Yukarıda açıkladığım nedenlerden dolayı, niyet ve eylemsellik bakımından Gezi Olayları sırasında barışçıl faaliyetlerde bulunmuş yüz binlerce kişiden bir farkım olmadığını belirtir, tahliyemi ve beraatımı talep ederim.”
YİĞİT AKSAKOĞLU: HİÇBİR DÖNEMDE DEMOKRASİYE KARŞI YÖNETİMDEN TARAF OLMADIM
Kavala’nın ardından Yiğit Aksakoğlu savunması ile devam etti.
Aksakoğlu, iddianamedeki suçlamaların temelden yoksun olduğunu ve kendisinin faaliyetlerine ters düştüğünü belirterek şunları söyledi: "Sivil toplum ve sosyal kalkınma alanında araştırma yapan ve yayınlar hazırlayan bir uzmanım. Hayatımın hiçbir döneminde demokrasiye karşı bir yönetimden taraf olmadım. İddianamedeki suçlamalar temelden yoksundur ve faaliyetlerime ters düşmektedir. 2013 yılında çözüm sürecinde kurduğum Diyalog Grubu'nun ardından, şimdi benimle aynı cezaevinde olan savcılar ve polislerce dinlendim. 2013'te yapılan dinlemelerin kıymetlendirilerek 6 yıl sonra yeniden kullanılmasını anlayamıyorum. Ben hiçbir zaman şiddetle değişimden yana olmadım, ama değişimden yana oldum” ifadelerini kulandı.
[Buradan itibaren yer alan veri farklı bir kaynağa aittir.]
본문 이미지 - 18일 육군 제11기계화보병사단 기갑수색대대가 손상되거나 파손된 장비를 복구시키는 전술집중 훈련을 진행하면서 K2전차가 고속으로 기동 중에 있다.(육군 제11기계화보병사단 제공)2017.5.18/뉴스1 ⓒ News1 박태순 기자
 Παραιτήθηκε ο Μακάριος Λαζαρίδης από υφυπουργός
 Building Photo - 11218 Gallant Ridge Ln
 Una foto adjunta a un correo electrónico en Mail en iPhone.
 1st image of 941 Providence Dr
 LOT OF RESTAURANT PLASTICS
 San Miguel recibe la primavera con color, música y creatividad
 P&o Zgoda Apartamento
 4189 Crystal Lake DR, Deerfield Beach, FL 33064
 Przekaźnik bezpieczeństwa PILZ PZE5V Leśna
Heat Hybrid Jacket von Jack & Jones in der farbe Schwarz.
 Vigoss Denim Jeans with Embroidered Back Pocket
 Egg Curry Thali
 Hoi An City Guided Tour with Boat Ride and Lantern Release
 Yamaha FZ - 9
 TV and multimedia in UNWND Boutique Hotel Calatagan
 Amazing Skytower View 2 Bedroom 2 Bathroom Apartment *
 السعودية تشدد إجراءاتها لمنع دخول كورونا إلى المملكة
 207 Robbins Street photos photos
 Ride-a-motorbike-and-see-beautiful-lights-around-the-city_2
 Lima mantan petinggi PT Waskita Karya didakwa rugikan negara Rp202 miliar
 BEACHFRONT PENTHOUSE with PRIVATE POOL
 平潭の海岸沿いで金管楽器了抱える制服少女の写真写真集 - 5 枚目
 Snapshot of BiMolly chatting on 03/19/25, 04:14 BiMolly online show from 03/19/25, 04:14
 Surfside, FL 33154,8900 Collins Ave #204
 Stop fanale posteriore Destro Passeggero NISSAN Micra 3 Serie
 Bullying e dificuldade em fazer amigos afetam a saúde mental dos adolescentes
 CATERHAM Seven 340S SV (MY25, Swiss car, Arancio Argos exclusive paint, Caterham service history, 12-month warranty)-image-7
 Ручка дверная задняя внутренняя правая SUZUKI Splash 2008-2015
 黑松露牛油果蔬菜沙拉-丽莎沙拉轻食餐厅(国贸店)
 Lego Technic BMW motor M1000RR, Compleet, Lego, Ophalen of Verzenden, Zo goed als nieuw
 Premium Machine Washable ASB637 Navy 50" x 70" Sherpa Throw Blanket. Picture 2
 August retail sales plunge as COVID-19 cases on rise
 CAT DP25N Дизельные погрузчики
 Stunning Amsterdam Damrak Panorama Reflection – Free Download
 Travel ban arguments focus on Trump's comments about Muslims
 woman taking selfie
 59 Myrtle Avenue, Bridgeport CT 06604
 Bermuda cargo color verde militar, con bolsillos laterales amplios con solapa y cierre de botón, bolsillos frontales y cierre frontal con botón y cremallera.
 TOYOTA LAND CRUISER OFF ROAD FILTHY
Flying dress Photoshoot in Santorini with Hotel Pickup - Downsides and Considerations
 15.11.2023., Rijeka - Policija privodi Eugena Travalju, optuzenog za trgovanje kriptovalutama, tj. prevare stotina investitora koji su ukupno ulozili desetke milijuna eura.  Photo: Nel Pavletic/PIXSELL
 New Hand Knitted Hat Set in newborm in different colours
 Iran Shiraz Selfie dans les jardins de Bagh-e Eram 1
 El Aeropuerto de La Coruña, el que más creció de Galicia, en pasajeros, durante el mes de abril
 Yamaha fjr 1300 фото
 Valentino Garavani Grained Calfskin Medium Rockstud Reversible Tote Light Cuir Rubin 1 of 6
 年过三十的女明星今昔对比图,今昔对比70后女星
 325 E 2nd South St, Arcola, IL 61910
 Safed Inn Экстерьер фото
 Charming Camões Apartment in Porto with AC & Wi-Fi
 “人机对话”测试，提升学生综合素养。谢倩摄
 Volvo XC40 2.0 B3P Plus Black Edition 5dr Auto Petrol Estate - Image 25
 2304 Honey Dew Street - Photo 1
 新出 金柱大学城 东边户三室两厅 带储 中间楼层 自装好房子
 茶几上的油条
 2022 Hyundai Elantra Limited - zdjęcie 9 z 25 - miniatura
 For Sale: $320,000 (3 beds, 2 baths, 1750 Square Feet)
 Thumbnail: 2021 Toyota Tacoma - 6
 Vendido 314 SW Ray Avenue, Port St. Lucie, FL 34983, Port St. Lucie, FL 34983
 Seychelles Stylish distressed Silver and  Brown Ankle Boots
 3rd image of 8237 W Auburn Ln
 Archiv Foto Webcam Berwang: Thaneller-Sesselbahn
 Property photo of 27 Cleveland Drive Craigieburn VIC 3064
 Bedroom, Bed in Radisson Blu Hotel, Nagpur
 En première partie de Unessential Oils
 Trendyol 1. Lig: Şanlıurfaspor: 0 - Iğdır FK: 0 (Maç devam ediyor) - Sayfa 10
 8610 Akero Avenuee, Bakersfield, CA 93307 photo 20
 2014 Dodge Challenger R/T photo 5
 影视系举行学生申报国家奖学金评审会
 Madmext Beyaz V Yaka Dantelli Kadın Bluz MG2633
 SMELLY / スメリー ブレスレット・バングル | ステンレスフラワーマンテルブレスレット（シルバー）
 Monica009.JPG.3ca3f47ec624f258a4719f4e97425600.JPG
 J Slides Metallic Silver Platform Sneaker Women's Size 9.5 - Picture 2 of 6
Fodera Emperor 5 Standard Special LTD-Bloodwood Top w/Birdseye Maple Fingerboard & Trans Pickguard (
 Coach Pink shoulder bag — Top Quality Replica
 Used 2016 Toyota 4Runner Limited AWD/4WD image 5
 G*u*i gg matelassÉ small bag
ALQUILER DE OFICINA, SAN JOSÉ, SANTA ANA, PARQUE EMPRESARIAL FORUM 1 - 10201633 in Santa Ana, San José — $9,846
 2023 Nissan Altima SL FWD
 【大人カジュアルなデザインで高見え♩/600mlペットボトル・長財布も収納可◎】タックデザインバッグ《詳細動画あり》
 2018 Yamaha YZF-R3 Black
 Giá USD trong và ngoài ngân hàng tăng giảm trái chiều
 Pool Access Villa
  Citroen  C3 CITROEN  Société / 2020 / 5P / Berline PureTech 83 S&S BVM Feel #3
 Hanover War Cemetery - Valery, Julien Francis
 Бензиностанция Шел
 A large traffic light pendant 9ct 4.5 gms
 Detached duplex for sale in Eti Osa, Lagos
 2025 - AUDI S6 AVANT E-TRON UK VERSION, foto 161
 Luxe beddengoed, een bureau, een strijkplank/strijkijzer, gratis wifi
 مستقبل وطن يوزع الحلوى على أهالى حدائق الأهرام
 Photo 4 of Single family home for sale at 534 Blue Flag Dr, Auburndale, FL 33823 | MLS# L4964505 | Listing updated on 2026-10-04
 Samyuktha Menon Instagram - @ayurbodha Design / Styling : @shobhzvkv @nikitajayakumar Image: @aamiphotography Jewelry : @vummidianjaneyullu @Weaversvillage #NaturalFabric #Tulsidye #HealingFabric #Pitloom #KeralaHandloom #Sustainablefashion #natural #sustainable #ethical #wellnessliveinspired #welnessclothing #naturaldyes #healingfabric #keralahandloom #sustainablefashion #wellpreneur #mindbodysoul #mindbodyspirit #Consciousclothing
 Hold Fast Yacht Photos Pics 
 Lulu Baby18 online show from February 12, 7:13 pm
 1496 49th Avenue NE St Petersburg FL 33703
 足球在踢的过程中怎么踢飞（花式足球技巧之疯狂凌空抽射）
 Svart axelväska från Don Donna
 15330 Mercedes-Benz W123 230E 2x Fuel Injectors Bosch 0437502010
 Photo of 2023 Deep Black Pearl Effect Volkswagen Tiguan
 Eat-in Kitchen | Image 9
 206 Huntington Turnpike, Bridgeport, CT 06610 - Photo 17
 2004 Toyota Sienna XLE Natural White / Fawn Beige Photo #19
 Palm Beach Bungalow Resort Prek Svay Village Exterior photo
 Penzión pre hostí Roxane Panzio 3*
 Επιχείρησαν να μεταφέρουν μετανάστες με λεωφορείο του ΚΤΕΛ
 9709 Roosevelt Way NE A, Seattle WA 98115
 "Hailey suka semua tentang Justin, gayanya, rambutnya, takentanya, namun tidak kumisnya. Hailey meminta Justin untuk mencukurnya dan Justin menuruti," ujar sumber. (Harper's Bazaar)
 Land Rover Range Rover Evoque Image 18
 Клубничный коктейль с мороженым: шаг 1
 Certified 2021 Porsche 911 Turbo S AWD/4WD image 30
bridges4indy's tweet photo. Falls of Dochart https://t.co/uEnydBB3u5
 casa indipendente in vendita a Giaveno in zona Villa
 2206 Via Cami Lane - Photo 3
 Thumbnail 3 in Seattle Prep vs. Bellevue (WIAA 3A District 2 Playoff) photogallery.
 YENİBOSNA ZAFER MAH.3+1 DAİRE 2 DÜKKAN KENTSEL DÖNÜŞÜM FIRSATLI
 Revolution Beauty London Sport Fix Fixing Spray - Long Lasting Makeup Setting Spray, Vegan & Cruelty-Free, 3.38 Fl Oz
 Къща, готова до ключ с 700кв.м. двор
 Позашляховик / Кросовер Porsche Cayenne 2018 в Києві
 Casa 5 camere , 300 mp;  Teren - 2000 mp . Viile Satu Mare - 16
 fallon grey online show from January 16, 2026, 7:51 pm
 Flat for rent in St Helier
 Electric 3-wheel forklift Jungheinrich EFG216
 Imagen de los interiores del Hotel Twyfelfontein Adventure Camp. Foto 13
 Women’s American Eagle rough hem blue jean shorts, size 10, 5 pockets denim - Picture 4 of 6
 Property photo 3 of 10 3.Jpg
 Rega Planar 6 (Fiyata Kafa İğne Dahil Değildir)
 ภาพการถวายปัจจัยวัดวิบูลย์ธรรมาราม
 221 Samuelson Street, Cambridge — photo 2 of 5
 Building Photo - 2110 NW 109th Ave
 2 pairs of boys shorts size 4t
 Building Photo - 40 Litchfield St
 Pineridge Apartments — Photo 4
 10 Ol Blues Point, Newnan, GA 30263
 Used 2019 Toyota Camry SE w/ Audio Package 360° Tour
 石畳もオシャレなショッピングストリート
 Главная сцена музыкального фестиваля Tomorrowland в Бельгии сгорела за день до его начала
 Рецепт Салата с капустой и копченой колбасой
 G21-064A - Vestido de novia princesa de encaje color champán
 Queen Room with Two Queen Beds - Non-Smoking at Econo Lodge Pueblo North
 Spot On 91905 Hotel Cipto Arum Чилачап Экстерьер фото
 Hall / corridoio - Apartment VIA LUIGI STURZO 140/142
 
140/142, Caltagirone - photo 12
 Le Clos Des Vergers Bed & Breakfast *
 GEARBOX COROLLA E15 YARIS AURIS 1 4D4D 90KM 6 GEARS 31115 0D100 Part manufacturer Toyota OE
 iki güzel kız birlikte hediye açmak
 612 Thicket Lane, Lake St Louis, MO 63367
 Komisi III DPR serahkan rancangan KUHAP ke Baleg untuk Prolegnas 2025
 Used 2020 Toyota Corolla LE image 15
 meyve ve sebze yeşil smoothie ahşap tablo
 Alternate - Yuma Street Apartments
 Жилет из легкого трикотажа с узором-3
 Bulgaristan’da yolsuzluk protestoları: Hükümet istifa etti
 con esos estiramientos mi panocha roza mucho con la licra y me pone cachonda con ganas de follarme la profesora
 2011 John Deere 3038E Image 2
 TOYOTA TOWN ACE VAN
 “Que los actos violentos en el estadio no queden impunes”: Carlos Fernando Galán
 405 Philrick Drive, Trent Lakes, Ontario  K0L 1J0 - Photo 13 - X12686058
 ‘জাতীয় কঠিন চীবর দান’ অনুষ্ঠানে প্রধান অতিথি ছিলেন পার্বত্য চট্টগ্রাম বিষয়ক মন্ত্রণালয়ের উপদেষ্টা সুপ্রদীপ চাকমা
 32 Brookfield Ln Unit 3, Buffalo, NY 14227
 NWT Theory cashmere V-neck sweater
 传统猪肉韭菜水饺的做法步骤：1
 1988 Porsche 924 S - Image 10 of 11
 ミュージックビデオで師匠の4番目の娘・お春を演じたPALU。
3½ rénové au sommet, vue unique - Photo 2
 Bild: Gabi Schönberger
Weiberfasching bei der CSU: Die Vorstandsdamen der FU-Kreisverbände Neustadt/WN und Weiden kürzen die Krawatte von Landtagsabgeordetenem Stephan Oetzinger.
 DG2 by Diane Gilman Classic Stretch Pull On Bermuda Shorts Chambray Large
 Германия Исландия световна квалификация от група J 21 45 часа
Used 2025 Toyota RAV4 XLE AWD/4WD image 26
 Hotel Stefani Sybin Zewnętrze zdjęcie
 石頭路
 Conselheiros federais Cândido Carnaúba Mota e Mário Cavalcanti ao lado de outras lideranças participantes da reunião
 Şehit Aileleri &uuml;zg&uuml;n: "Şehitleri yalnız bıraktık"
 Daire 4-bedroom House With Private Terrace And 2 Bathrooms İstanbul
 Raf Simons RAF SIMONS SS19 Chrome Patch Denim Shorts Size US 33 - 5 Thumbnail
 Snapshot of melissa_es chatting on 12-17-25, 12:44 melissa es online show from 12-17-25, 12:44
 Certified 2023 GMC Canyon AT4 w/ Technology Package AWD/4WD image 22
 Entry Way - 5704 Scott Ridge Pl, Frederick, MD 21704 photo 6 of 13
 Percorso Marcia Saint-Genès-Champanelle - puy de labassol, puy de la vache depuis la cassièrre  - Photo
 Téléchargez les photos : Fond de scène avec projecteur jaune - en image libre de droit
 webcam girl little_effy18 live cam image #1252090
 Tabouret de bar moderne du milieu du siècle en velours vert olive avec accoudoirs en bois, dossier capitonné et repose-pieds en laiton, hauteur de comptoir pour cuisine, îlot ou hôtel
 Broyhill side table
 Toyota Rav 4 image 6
"HER GÜN KADINLAR ÖLDÜRÜLÜRKEN BENİM ŞİDDETSİZ EYLEMİ SAVUNMAM SUÇ UNSURU"
"Cebir ve şiddetten anlamam. Bu 657 sayfalık iddianamede suç yok, suçlu var; pervasız bir ağırlaştırılmış müebbet talebi var" diyen Aksakoğlu, "Hakkımda somut olarak sunulan tek delil, 2013 yılında yapılan telefon dinlemeleri. 26 Haziran 2013 ve Aralık 2013 arasında gerçekleşen dinlemelerden 31'i girmiş iddianameye. Şubat 2013'te yaptığım 43 görüşmenin içeriği yok, sayı olarak belirtilmiş. İddianameye içeriği konulan görüşmeler park boşaltıldıktan sonraki görüşmeler. Gezi’nin 2011'de planlandığı söyleniyor, ama delillerde bu yok. Bu ülkede her yıl 400 kadın öldürülüyor. Sokakta 3 kadına şiddet uygulayan bir adam, parti genel başkanına saldıran bir başka adam bir gün cezaevinde kalmadı. Ama benim şiddetsiz eylem konusunda yayınlamaya girişmem suç kabul ediliyor. Yedi aydır hapishanedeyim. İddianamede, şiddetsiz eylemlerde piyano çalınması ve duran adam ile yeryüzü iftarlarına ilişkin bir ses kaydım var. O konuşma bu eylemlerden bir ay sonra yapılmış. Ne durmak, ne piyano çalmak, ne de iftar yapmak suç. Tarihler belirtilmeden tapelerin iddianameye konulması suçlu gösterme çabası” dedi.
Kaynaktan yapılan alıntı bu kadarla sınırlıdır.